Posted January. 27, 2022 07:56,   

Updated January. 27, 2022 07:56


Despite ruling Democratic Party of Korea leader Song Young-gil’s announcement to not run for the next general elections, the ‘argument for the retirement of 86 group’ – referring to those who entered college in the 80s and were born in the 60s – is not garnering attention. While there is no more movement for an additional announcement to give up on running a presidential election, there are differing opinions within the ruling party regarding the argument.

“The essence of the argument is to withdraw the old system of vested rights,” Kim Jong-min, the member of the Democratic Party of Korea who first publicly suggested the argument, said during an interview with MBC Radio on Wednesday.
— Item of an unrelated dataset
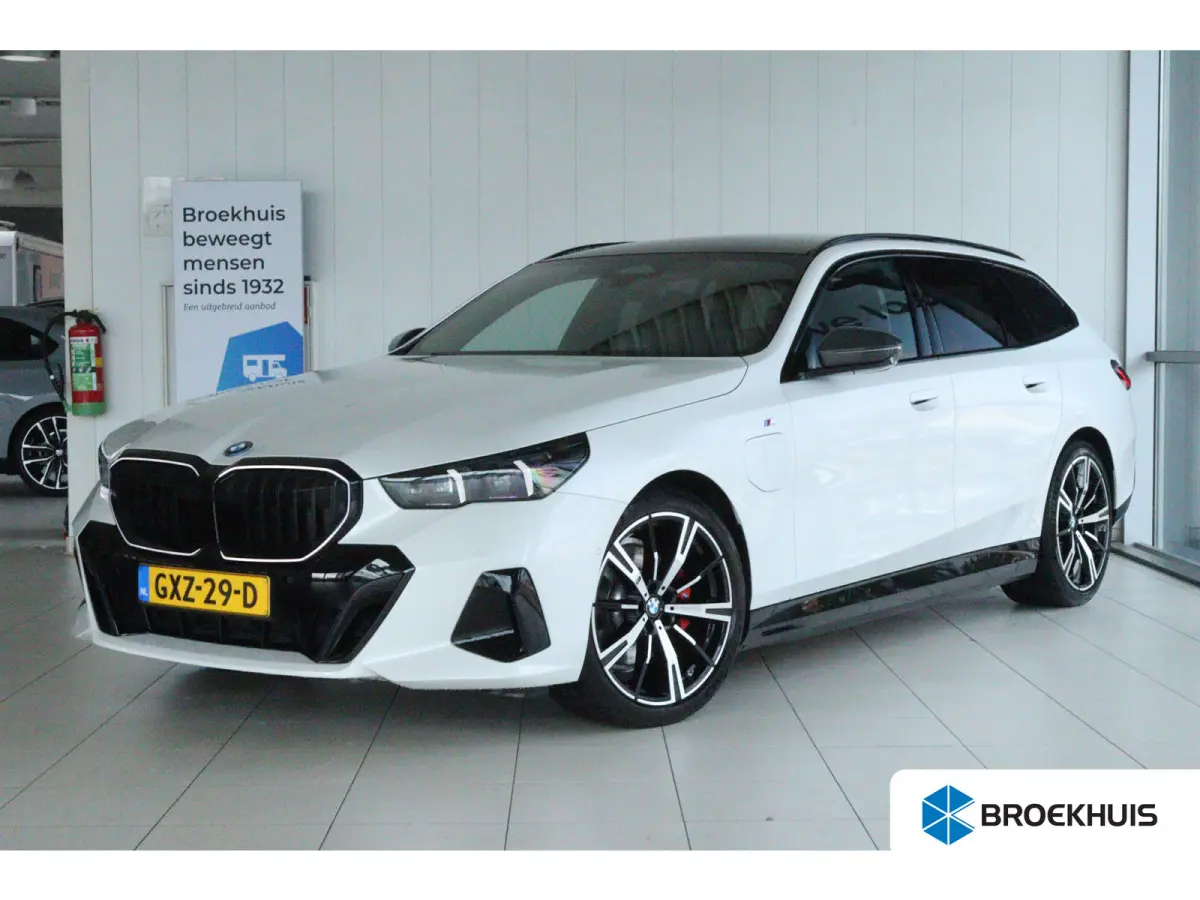 530e M-Sport Pro | Adapt. Cruise | Harman & Kardon | Pano | Trekhaak | Stoelventilatie | Carbon in/ex | Memory |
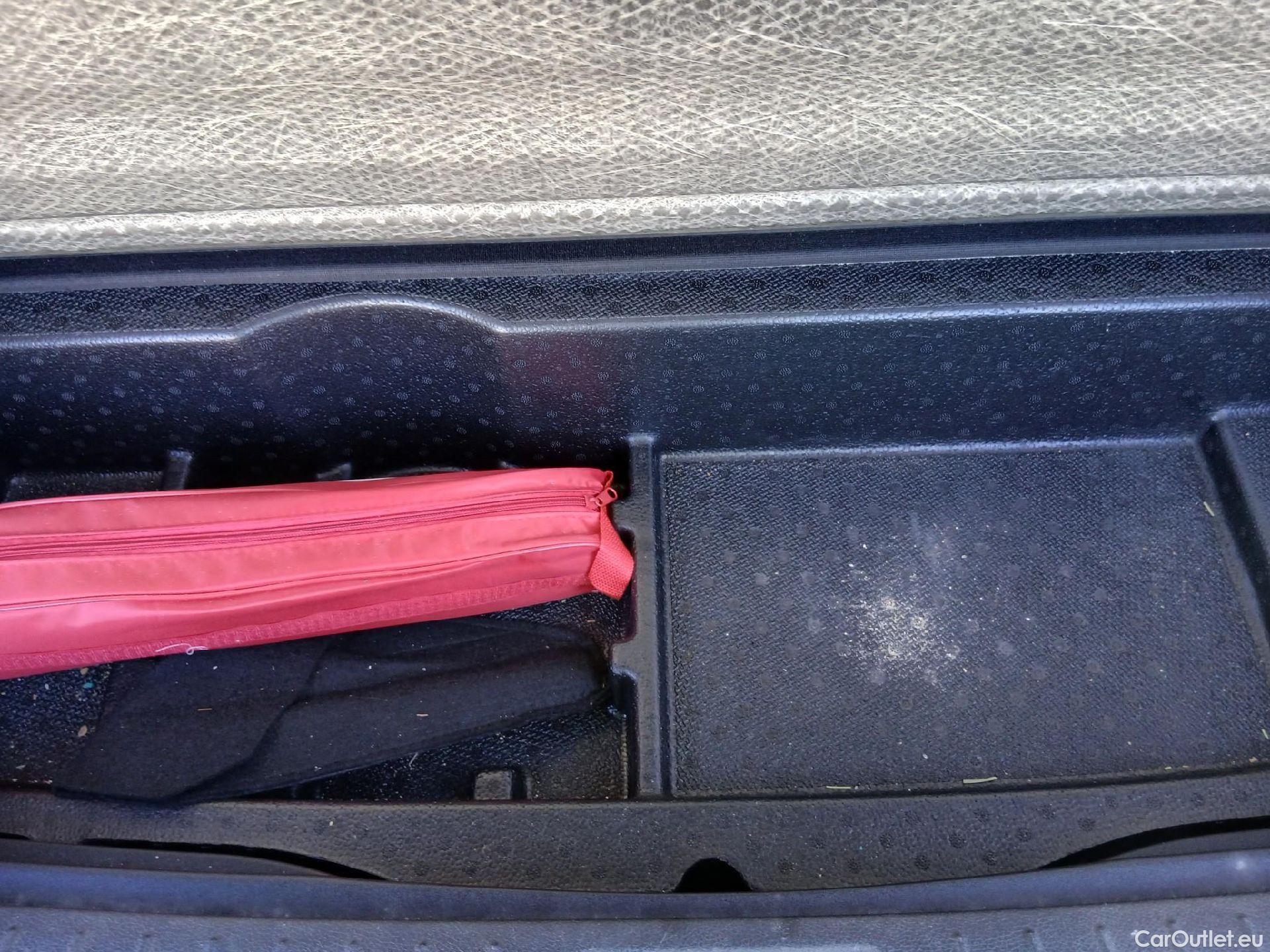  KIA  Sportage KIA  / 2018 / 5P / todoterreno 1.6 MHEV Drive Plus 100kW (136CV) 4x2 #2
Kim is a key member of the pro-Moon camp and belongs to the 86 group. “Voluntary resignation is not the key. We should work together to remove the outdated system of vested rights,” he said when asked if he was going to resign voluntarily. Kim took a step back, saying that system reform is a priority, rather than personnel reform. Kim publicly called for the retirement of the 86 group on Sunday, saying that change and determination are needed.

It is believed that Kim prioritized system reform as the members of the 86 group seemed unwilling to join Song despite his announcement to not run for the next general elections. The only member who expressed such an intention until Wednesday is Woo Sang-ho who reconfirmed his pledge to not run for office last year. “There seems to be no member who wants to join the announcement,” said a member of the ruling party. Rather, some prominent members are dissatisfied with Song trying to ban lawmakers from serving four consecutive terms in the same constituency on Tuesday.